» **Task statement**: The output should be the listing below, limited to the lines from the one with "Meuble d'appoint 1" through the one with "500x500 Tropical Palm", exact and without pictures.

» **Records provided**:

■ ■ ■

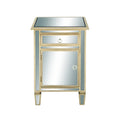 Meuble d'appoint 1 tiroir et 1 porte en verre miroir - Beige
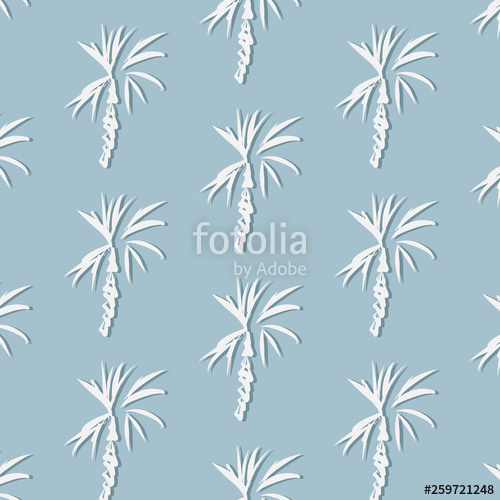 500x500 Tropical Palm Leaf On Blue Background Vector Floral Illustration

■ ■ ■

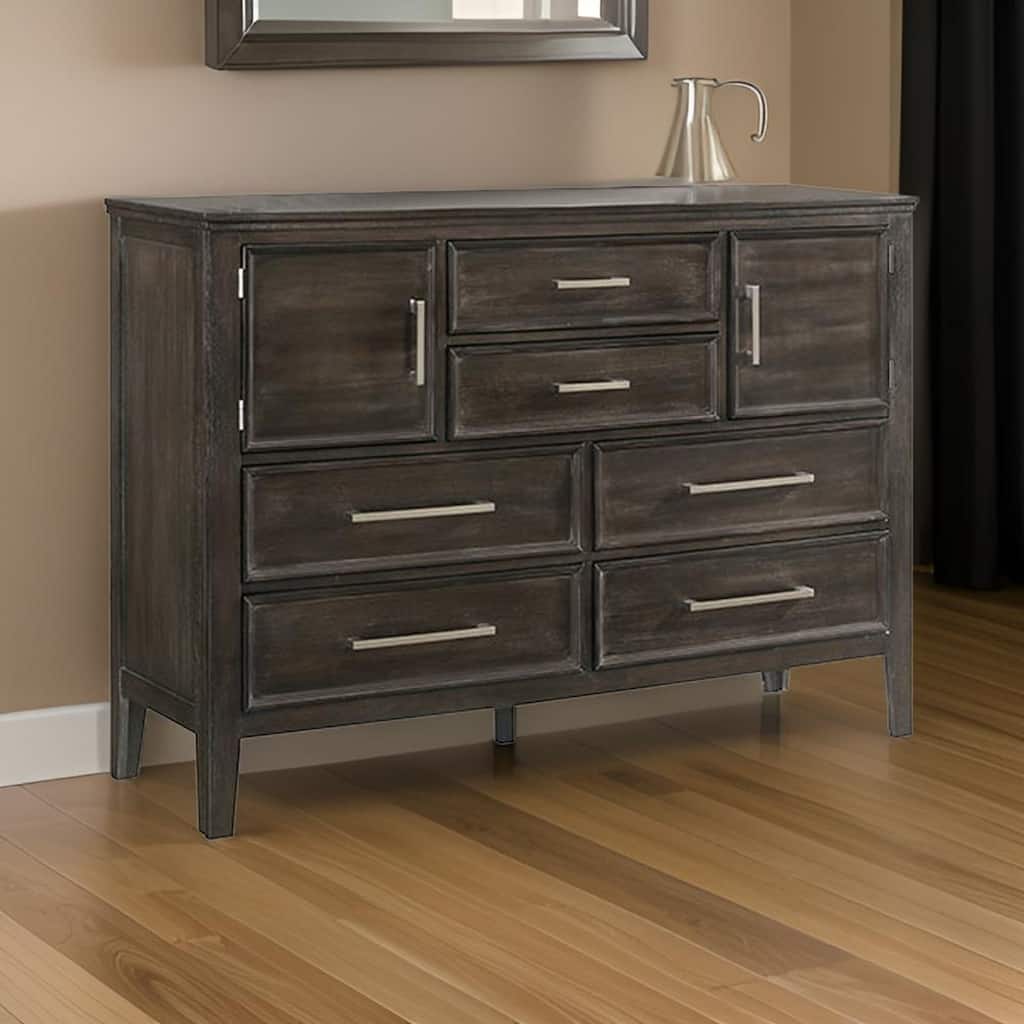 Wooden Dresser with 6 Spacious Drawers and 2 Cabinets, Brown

■ ■ ■

» **Answer for the task**:
 Meuble d'appoint 1 tiroir et 1 porte en verre miroir - Beige
 500x500 Tropical Palm Leaf On Blue Background Vector Floral Illustration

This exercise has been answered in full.